• Task to complete
Your job is to return the whole listing unchanged while skipping its images.

• Data extract
BEGIN

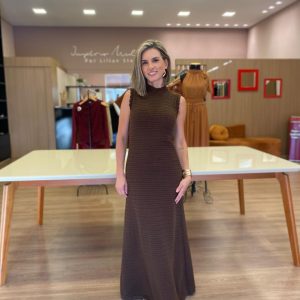 Vestido super midi marrom em tricot canelado com gola alta, modelagem reta e elegante, ideal para looks sofisticados e confortáveis.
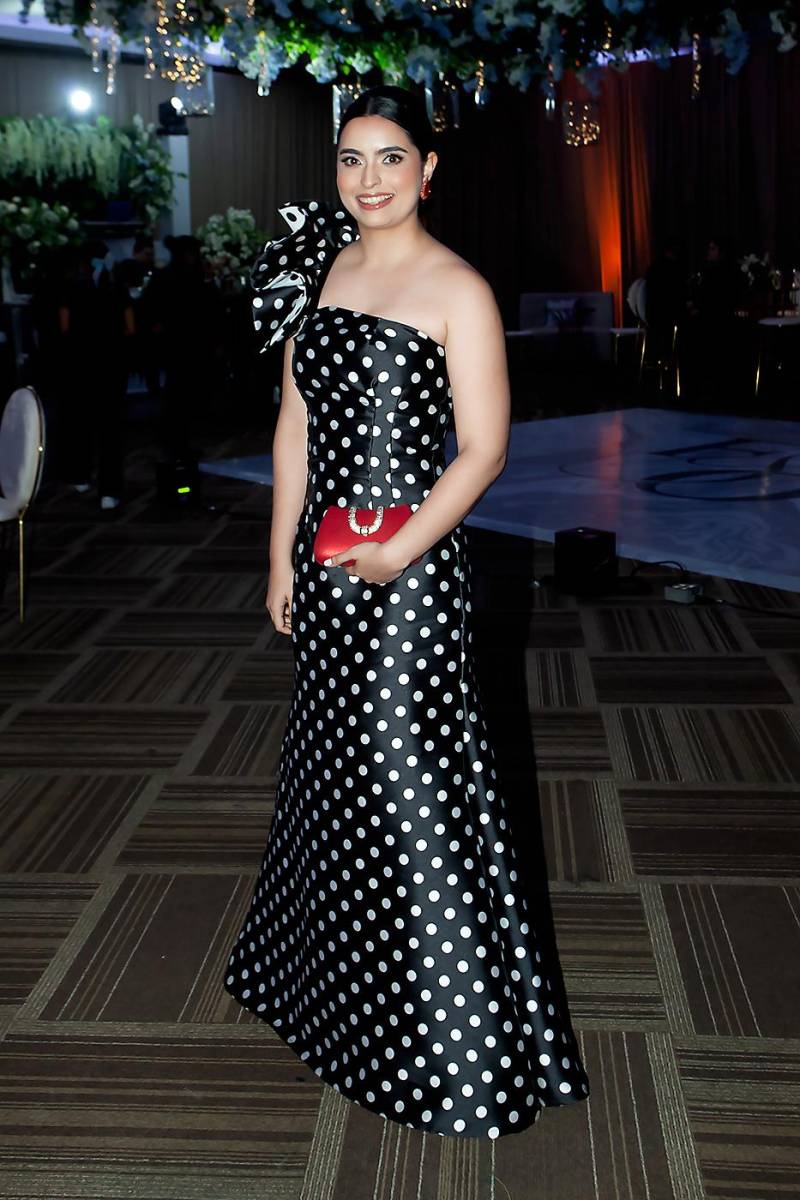 Daniela Flores.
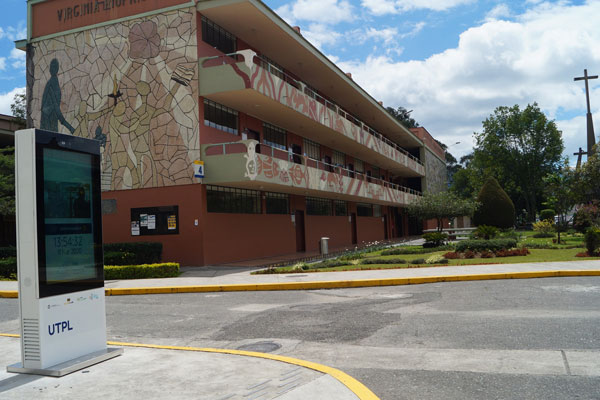 英國倫敦戶外液晶廣告機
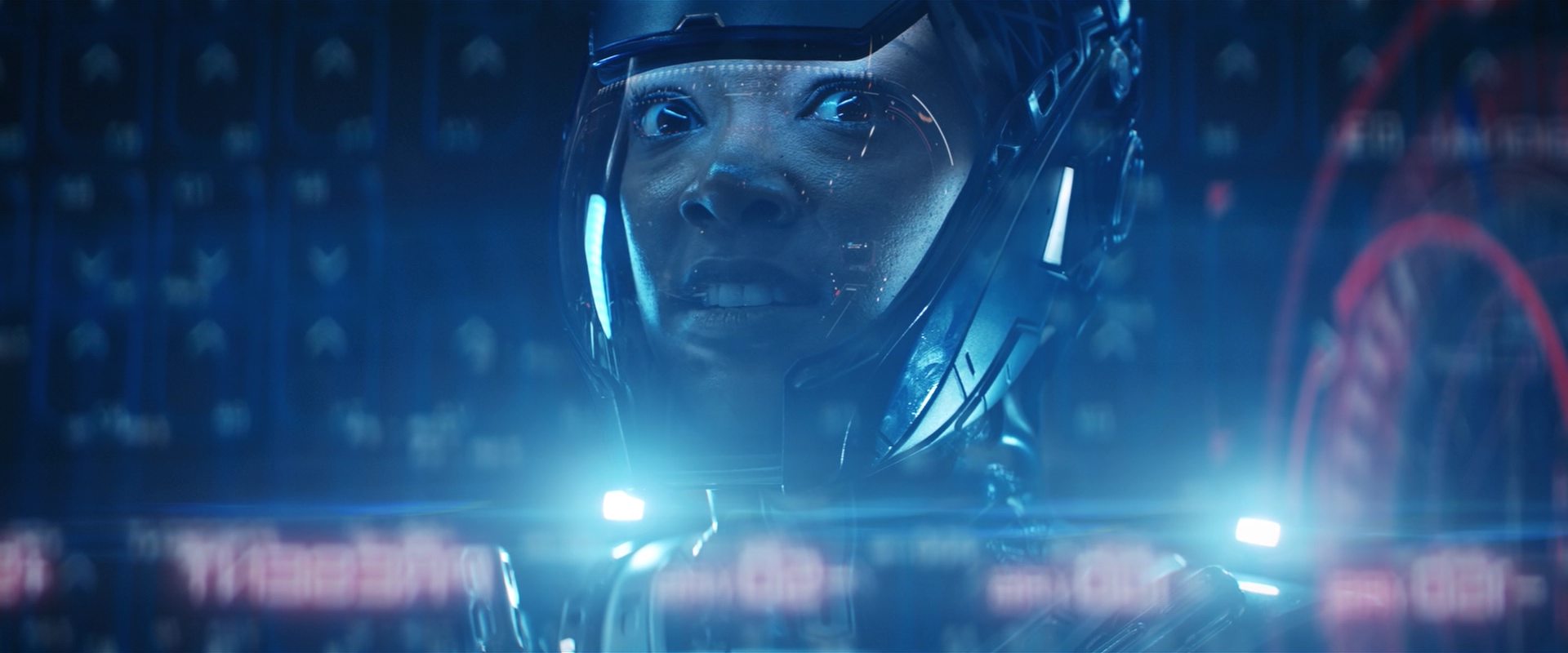 extant_StarTrekDiscovery_2x14-SuchSweetSorrowPart2_03463.jpg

END

• Exercise output
 Vestido super midi marrom em tricot canelado com gola alta, modelagem reta e elegante, ideal para looks sofisticados e confortáveis.
 Daniela Flores.
 英國倫敦戶外液晶廣告機
 extant_StarTrekDiscovery_2x14-SuchSweetSorrowPart2_03463.jpg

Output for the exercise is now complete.